AD : I got some shivers down my spine as you walked through that, John. Boy, I'd like every one of my students as well as just everyone on, to listen to the program to really hear that example that what a great applications. In fact, the course that I taught at West Point, we named it Negotiation for Leaders because we think that negotiation is such a critical leadership skill, and there's such a nice overlap in what you shared between being an effective negotiator and guess what? Being an effective leader too.

JL : Well, Aram, I've got my Dartmouth pullover, so if you need me to put it on and come to a guest speech, I'm in, man. I love Hanover, New Hampshire. So, let's go.

NM : Sounds good. Sounds good. So as we prepare to conclude, what final piece of advice would you lead with a young professional aspiring to become a more effective negotiators?

Don't Settle For Average: Intentional Negotiation Development (29:29)

JL : Yeah, for a young professional, I think that becoming an effective negotiator is what can differentiate you from the rest of the world. So many young professionals, they're focused on all these different skills. The reality is, is that if you focus on your ability to put deals together and to solve problems with people, you'll become extremely valuable regardless of whatever you do, whether you work in IT or HR or sales or finance or business, corporate entrepreneur, nonprofit, whatever. That is, I believe, kind of the key to success.

And what I found, I haven't done the formal research on this, I've just done it with thousands and thousands of people, and that is that less than 10% of people have taken a formal negotiation course or been intentional about developing their negotiation skillset.

And so every young professional's thinking about how to get ahead, the way to get ahead is to really study and learn and go to a course and do the things that you need to do to build this skillset. It'll immediately put you ahead of about 90% of the people there that do this process kind of by trial and error. And so I think being intentional about your development as a negotiator, it provides you with a tremendous advantage. And there's lots of opportunities, Lowry Group, we've got online courses and live workshops and all that stuff. There's books. You can go to universities and take classes and all that kind of, there's lots of different ways to do it, but being intentional about that skillset, that's huge.

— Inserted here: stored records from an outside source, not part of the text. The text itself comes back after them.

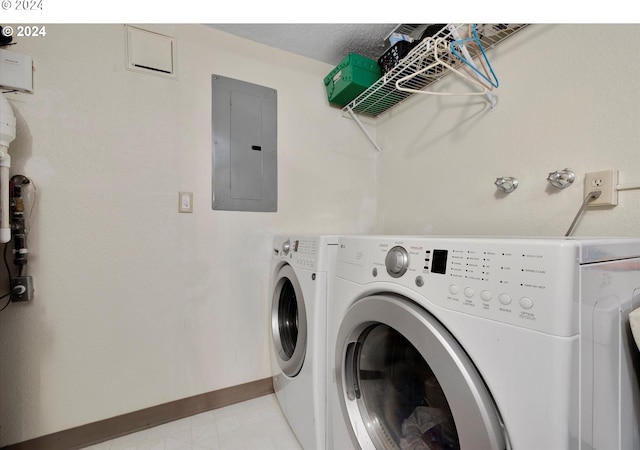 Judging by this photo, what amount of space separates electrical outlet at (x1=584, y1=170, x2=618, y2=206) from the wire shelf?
682 mm

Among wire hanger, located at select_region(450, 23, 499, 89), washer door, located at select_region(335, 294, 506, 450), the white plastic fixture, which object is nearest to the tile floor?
washer door, located at select_region(335, 294, 506, 450)

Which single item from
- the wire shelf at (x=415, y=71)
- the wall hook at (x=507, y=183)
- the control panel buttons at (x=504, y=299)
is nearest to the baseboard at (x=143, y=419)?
the control panel buttons at (x=504, y=299)

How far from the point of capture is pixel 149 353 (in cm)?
131

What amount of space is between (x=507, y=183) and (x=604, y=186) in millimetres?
297

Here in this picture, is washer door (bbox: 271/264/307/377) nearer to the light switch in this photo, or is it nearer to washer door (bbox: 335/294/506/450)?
washer door (bbox: 335/294/506/450)

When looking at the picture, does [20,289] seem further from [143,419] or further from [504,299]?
[504,299]

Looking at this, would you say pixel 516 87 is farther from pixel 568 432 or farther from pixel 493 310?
pixel 568 432

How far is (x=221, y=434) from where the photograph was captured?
Result: 1.25m

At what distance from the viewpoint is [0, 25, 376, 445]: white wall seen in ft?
3.71

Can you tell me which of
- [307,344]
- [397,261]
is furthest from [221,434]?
[397,261]

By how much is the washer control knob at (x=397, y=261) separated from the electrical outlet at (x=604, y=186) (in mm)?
793

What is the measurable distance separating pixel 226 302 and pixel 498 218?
1.42m

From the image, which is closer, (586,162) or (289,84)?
(586,162)

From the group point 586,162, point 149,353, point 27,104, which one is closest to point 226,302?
point 149,353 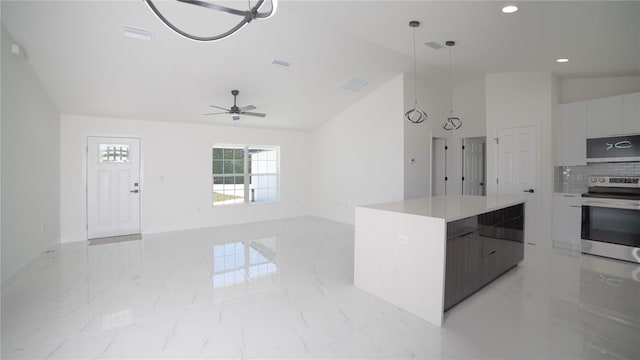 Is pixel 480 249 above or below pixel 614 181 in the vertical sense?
below

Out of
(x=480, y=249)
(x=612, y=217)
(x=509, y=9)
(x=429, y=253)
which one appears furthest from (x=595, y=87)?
(x=429, y=253)

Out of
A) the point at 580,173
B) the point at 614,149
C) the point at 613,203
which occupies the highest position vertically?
the point at 614,149

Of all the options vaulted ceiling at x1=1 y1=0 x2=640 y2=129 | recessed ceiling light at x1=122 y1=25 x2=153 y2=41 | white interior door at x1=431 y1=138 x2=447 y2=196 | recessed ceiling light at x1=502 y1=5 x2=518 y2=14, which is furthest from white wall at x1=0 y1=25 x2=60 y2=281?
white interior door at x1=431 y1=138 x2=447 y2=196

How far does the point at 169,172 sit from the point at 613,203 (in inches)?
293

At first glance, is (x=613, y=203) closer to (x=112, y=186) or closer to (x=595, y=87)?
(x=595, y=87)

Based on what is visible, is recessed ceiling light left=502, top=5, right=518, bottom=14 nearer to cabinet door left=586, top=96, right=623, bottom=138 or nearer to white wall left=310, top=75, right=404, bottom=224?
white wall left=310, top=75, right=404, bottom=224

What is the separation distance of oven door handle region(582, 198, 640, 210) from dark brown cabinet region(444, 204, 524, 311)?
4.36 ft

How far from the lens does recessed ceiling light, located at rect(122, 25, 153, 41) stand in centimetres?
341

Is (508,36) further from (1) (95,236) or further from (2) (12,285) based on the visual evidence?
(1) (95,236)

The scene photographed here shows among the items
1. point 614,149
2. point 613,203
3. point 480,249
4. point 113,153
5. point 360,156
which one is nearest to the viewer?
point 480,249

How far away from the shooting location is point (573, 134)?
4.63 m

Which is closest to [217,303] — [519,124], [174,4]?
[174,4]

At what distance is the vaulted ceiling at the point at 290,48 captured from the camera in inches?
124

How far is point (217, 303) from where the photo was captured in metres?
2.83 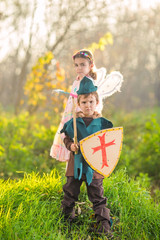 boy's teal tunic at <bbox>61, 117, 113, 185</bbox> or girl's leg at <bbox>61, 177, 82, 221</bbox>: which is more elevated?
boy's teal tunic at <bbox>61, 117, 113, 185</bbox>

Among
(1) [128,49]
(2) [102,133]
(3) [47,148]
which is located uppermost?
(1) [128,49]

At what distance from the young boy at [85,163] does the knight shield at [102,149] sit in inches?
3.3

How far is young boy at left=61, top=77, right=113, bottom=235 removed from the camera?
90.4 inches

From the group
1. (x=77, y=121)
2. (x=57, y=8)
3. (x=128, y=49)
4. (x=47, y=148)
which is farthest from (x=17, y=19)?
(x=128, y=49)

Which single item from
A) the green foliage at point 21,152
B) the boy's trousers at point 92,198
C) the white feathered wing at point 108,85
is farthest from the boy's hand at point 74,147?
the green foliage at point 21,152

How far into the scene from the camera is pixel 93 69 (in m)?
2.85

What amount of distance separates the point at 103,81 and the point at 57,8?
3.77 metres

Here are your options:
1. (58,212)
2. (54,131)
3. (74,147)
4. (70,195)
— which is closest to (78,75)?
(74,147)

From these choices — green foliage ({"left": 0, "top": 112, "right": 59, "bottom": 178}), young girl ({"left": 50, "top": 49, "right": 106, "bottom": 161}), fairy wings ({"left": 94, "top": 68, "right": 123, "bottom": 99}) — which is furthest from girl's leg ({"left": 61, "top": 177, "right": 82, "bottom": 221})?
green foliage ({"left": 0, "top": 112, "right": 59, "bottom": 178})

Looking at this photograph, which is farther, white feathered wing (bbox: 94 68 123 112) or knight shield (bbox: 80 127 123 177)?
white feathered wing (bbox: 94 68 123 112)

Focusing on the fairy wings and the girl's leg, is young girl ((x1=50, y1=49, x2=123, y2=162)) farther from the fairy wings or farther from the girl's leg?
the girl's leg

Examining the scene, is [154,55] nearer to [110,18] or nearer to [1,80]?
[1,80]

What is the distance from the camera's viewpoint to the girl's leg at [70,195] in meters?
2.39

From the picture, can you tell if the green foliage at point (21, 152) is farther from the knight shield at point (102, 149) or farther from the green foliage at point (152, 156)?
the knight shield at point (102, 149) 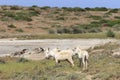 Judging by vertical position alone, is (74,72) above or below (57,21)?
above

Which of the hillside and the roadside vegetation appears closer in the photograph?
the roadside vegetation

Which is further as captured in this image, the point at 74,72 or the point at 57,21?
the point at 57,21

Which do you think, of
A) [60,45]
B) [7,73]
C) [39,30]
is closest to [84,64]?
[7,73]

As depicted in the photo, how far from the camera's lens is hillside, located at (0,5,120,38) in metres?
52.7

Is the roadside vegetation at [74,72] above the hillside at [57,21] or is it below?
above

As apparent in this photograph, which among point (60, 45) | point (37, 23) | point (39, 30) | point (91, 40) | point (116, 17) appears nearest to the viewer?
point (60, 45)

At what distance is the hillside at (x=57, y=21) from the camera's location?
5269 centimetres

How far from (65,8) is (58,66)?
201 ft

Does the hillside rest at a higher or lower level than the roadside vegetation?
lower

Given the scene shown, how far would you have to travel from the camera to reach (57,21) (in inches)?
2542

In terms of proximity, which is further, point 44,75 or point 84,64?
point 84,64

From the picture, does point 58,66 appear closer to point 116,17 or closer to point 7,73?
point 7,73

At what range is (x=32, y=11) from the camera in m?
72.8

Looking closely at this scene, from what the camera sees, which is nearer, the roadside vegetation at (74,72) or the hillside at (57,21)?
the roadside vegetation at (74,72) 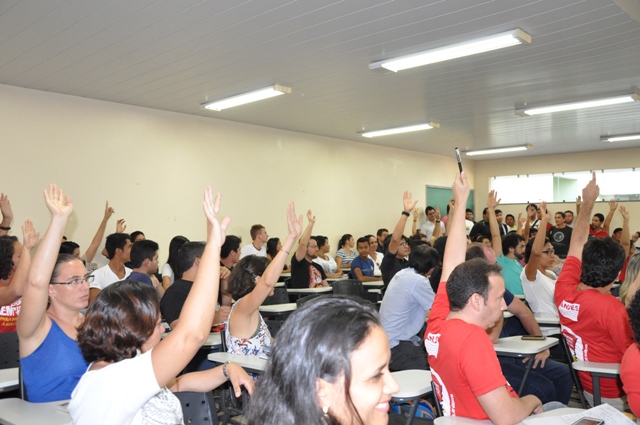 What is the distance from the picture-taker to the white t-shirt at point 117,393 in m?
1.47

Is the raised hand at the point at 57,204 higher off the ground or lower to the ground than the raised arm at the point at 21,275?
higher

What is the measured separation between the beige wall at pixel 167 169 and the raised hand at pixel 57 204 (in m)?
5.15

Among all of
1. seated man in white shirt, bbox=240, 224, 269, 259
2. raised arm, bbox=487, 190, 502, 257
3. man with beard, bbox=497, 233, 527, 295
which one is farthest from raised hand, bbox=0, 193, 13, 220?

NM : Absolutely. And thanks for sharing that. Let me be the first to say thank you so much for the podcast. Really enjoyed having you on as a guest. And I'll turn it over to Aram.

AD : Yeah, so many great takeaways. I'm going to echo what Nolan said, John, which is just thanks for taking the time. Thanks for everything, particularly that last piece. It is something we need to be intentional about developing our skills. I love the thinking strategically when things are uncertain versus doing what's comfortable. I love the piece about being a learn-it-all negotiator, taking that one to heart. And then I liked one of the last pieces there, which was when you talked about knowing when to lead and when to follow in a negotiation and those choices. So great takeaways, great examples. And yeah, we'll have to have you up to the handover here soon.

JL : Sounds good. Well, I appreciate what you guys are doing in terms of leading the charge and having these conversations with folks. It's of tremendous value in terms of providing people with some insights on a skillset that will be very determinative of people's success going forward and the ability to make a difference in the world and the way they want to.